# Bike Light Re-Invented



## buck-egit (Aug 19, 2008)

I broke my Light & Motion Rear light bracket and I was in the market for a new light. 
I found this New light on the market. It uses sensor technology from the mobile phone industry. So the Light can react to you and your bikes movements, it also has a light sensor. The light itself has 90 lumins, so its very bright even in daylight. I also got the front light which has the same tech as the rear, only it has 150 lumins..It also uses lighthouse lens technology to spread the light.
The light doesnt have any external buttons which makes it waterproof. You turn it on by rotating the light to the right and left 3 times. Battery life is said to be around 12 hours.

The company is called See.Sense, a quick Google will find them.

I have made a wee Video of how it works.

Here are a few pics of mine fitted...


----------



## packard (Jun 8, 2009)

Great idea prices at first seem a little perhaps high

http://seesense.co


----------



## buck-egit (Aug 19, 2008)

packard said:


> Great idea prices at first seem a little perhaps high
> 
> http://seesense.co


I paid £36 for my Light&Motion light.

I did a Discount code search and I found CYCLINGULSTER10
Which got me another 10% off. I ended up getting mine for £40.65.

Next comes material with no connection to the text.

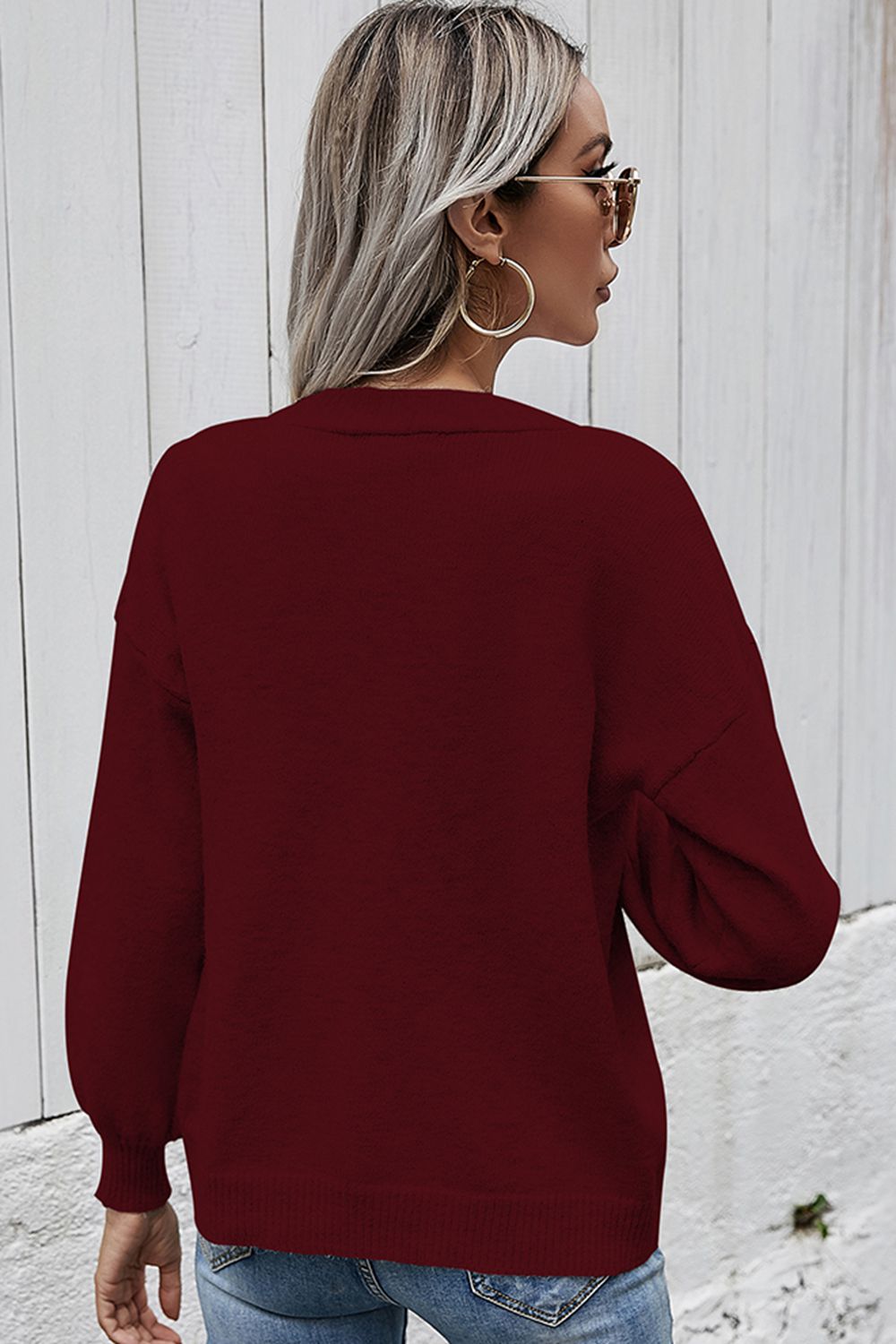 V-Neck Button-Down Dropped Shoulder Cardigan - AllIn Computer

In saying that I was able to collect from there head office as its 25 miles from my work.


----------



## buck-egit (Aug 19, 2008)

I took a picture this morning on my way to work. I had the bike in the car from the night before. This pic was taken from about 50m. I tried a pic from 100m but the phone camera couldn't get it. At 100m I could see the light flashing even thought at this distance the car tail lights had vanished and only the solid fog light and my flashing see.sense light where visible through the Fog.

This is only their 90 Lumen rear light, It can match a standard car fog light for Light output. They make a 150 Lumen version. Now that would get a car drivers attention..


----------



## 47p2 (Jun 17, 2007)

buck-egit said:


> ...They make a 150 Lumen version. Now that would get a car drivers attention..


It would also get you plenty abuse from drivers especially here in Glasgow, I've a Moon Shield 60 and that gets me plenty of "Your back light's too bright mate" comments from vehicles coming up from the rear


----------



## jamest (Apr 8, 2008)

Only problem with this car drivers or other cyclists behinding you puuting two-and-two together that the quicker flashing means you're stopping.


----------